Regression deserializing a subclassed source

Question

Regression deserializing a subclassed source

pchanial opened this issue 2 years ago · comments

The following code works correctly when cythonization is disabled:

from apischema import deserialize

@dataclass
class Foo:
    bar: str

class MyDict(dict):
    pass

data = MyDict({'bar': 'baz'})
expected = Foo(bar='baz')
actual = deserialize(Foo, data)

Cythonization triggers an LSP violation: the last line fails with the error:

_ _ _ _ _ _ _ _ _ _ _ _ _ _ _ _ _ _ _ _ _ _ _ _ _ _ _ _ _ _ _ _ _ _ _ _ _ _ _ _ _ _ _ _ _ _ _ _ _ _ _ _ _ _ _ _ _ _ _ _ _ 
apischema/utils.py:400: in wrapper
    return wrapped(*args, **kwargs)
apischema/deserialization/__init__.py:896: in deserialize
    return deserialization_method(
apischema/deserialization/methods.pyx:463: in apischema.deserialization.methods.SimpleObjectMethod.deserialize
    cpdef deserialize(self, object data):
apischema/deserialization/methods.pyx:464: in apischema.deserialization.methods.SimpleObjectMethod.deserialize
    return SimpleObjectMethod_deserialize(self, data)
_ _ _ _ _ _ _ _ _ _ _ _ _ _ _ _ _ _ _ _ _ _ _ _ _ _ _ _ _ _ _ _ _ _ _ _ _ _ _ _ _ _ _ _ _ _ _ _ _ _ _ _ _ _ _ _ _ _ _ _ _ 

>   data2: dict = data
E   TypeError: Expected dict, got MyDict

apischema/deserialization/methods.pyx:912: TypeError

Joseph Perez · Answer 1 · Mon Feb 07 2022 04:11:06 GMT+0800 (China Standard Time)

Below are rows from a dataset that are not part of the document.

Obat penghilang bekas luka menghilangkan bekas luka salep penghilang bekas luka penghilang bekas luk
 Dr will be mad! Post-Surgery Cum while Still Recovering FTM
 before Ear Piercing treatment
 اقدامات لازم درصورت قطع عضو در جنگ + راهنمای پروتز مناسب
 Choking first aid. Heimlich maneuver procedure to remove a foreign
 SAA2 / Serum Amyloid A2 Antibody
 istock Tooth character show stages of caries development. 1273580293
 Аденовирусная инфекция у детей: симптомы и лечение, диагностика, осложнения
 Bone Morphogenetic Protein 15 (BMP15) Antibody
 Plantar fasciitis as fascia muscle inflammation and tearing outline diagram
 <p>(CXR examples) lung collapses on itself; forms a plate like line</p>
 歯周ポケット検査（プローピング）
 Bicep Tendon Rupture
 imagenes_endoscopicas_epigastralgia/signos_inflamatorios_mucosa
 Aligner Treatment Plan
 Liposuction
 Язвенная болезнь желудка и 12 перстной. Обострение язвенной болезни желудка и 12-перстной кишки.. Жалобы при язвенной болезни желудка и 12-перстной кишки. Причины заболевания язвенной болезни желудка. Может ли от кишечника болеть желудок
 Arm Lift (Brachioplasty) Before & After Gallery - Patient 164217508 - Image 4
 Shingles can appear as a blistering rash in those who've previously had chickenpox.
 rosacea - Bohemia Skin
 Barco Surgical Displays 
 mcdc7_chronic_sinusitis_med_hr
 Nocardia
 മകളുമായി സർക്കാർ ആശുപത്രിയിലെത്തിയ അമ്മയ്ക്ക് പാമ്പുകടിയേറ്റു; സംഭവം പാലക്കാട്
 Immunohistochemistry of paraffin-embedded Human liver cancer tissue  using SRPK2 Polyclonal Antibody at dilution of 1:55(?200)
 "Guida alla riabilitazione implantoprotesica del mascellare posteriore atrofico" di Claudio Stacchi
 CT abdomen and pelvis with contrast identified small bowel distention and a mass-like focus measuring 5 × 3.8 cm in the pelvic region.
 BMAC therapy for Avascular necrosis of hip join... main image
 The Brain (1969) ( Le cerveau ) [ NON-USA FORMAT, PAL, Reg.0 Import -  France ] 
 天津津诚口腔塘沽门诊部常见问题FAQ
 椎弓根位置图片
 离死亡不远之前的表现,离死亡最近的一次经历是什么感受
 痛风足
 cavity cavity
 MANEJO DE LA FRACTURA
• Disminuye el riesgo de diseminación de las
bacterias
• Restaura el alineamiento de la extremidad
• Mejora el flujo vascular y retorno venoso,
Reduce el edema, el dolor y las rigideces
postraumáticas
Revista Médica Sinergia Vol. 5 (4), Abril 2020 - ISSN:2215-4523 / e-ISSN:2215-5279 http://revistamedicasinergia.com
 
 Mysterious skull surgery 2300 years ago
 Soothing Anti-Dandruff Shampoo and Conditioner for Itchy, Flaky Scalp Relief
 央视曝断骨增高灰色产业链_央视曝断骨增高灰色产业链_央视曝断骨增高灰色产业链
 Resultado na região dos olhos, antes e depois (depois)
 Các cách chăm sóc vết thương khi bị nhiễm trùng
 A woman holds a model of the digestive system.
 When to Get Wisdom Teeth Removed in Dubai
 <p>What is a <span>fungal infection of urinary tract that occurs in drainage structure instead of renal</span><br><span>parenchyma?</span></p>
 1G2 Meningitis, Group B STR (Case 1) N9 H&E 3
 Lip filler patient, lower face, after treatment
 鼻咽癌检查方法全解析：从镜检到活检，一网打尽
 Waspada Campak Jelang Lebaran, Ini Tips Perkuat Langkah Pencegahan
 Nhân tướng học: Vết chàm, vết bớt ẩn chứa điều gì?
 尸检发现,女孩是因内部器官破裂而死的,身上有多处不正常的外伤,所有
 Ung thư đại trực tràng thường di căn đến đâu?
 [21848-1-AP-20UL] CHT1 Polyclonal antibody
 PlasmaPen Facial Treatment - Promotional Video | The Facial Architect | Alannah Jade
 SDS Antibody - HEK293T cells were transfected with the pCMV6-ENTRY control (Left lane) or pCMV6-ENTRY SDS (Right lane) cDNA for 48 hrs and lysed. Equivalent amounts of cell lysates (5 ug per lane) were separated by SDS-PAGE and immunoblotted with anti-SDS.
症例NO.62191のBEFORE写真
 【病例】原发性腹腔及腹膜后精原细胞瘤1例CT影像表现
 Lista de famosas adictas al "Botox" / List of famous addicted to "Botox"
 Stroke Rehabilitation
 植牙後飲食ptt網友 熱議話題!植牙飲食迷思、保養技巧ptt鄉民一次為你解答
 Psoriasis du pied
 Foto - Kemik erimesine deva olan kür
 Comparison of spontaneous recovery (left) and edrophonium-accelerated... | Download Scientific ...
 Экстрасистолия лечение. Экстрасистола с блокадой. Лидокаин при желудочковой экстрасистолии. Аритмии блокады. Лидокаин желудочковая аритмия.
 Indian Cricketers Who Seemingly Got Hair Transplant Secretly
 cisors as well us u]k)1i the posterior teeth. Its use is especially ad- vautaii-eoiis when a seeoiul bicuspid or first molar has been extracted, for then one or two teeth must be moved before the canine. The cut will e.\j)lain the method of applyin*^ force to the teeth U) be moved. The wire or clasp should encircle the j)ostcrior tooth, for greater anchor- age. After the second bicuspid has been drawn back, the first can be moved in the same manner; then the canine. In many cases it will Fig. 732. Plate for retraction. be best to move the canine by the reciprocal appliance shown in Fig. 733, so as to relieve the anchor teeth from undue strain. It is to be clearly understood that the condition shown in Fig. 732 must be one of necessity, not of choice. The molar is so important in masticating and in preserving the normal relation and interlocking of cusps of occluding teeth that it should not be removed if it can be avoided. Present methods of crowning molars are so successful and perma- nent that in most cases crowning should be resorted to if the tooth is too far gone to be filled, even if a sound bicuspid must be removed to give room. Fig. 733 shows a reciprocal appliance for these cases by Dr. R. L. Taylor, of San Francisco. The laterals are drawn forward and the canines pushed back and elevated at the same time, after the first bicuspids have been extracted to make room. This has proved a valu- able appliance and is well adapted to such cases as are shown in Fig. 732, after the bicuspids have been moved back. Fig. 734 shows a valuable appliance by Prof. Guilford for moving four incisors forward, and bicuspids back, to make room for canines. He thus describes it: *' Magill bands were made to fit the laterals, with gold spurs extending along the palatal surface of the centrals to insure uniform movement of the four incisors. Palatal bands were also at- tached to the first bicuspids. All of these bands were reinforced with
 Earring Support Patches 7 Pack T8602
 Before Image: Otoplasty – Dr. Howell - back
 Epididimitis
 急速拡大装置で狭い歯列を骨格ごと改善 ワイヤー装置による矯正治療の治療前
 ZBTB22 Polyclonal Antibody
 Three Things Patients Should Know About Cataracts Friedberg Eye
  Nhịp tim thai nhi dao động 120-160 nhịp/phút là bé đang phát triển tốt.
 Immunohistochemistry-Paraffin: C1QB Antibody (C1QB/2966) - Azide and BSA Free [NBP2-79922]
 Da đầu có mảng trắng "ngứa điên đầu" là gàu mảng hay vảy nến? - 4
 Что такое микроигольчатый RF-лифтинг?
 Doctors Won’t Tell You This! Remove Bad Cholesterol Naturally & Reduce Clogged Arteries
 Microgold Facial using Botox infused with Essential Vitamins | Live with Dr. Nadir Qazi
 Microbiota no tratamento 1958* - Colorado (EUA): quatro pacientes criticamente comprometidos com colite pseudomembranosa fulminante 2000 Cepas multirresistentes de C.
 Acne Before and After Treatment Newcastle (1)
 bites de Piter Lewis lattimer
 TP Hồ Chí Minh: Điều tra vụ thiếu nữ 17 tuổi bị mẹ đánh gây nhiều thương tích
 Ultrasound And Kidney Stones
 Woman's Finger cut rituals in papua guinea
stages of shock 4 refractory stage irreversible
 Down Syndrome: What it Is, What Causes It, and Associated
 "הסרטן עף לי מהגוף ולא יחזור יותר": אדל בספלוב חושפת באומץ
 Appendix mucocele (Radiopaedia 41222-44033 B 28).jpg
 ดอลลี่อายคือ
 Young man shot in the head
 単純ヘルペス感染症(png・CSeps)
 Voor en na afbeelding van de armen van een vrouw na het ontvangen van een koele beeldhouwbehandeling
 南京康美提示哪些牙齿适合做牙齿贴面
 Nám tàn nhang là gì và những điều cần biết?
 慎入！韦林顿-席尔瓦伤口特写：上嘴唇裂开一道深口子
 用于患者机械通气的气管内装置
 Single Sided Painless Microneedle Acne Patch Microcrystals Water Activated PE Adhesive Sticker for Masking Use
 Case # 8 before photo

I'd indeed use Cython cast to builtin type in order to improve performance, as builtin operations can be optimized. For example, in operator used for object deserialization can use PyDict_Contains instead of PySequence_Contains (this one calling PyDict_Contains using a function pointer).

However, following your issue, I've made a quick benchmark, and the result was surprising: adding the cast (with an additional variable) is in fact slower for small lists (but it's better as expected for bigger lists). That's why I've finally removed this cast.

Joseph Perez · Answer 2 · Mon Feb 07 2022 04:15:38 GMT+0800 (China Standard Time)

@pchanial By the way, could you give more details about your use case with buitin subtypes?

Pierre Chanial · Answer 3 · Mon Feb 07 2022 18:25:38 GMT+0800 (China Standard Time)

Thanks for the quick fix. We were just emulating PEP 584 in some unit tests on a Python 3.8 environment, but there could be less trivial other use cases, such as relying on defaultdict, Counter or OrderedDict.
Btw, it would be great to make public some benchmarks internal to apischema so that contributors could check performance regressions.

Joseph Perez · Answer 4 · Mon Feb 07 2022 19:35:18 GMT+0800 (China Standard Time)

I don't think defaultdict would be a good idea because deserialization uses in operator, but PEP 584 emulation is indeed an understandable use case.

Btw, it would be great to make public some benchmarks internal to apischema so that contributors could check performance regressions.

Benchmark is not a trivial things, and apischema's one is just here to give a rough estimation of the relative performance in comparison to alternatives. But it's really poor and not reliable if you want some precise results, like tracking performance regressions.
I don't have any other benchmark available for the moment, but I don't think it matter a lot. If a performance regression is introduced, I think it will be visible directly in the code, as apischema performance mostly comes from algorithmic optimization.

Pierre Chanial · Answer 5 · Tue Feb 08 2022 08:33:00 GMT+0800 (China Standard Time)

Out of curiosity, why does the deserializer use the in operator?